I don't think exception oriented programming is a panacea to the ramifications of this design decision. I believe there must be a way to allow pythonic inheritance, but I'm still looking for it.
I found the following page to be useful; I am just starting out with a project that could involve subclassing Models: http://www.pubbs.net/django/200908/46585/
In particular the suggestion of Russell Keith-Magee of adding a "narrow" method seems interesting, such that objects returned from a query could get correctly "specified" with a list comprehension:
[ obj.narrow() for obj in BaseClass.objects.all() ]
Is there any news for solving this problem?
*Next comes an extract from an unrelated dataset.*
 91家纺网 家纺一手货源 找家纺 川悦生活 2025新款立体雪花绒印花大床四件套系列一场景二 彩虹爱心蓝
http://stackoverflow.com/questions/1581024/django-inheritance-how-to-have-one-method-for-all-subclasses
http://www.hopelessgeek.com/2009/11/25/a-hack-for-multi-table-inheritance-in-django
Seems very interesting.
I fundamentally agree with you. I posted today on Django Developers (Google Group), only to find your post from a while back. It was alarming that it didn't take hold. I don't propose a way to handle the complexity of the ORM while removing these obstacles but I will say it is very un-Pythonic and partly useless to even use Django's multi-table inheritance without being able to override parent class attributes. The biggest use right out the gate would be contrib.auth.User ( for me ).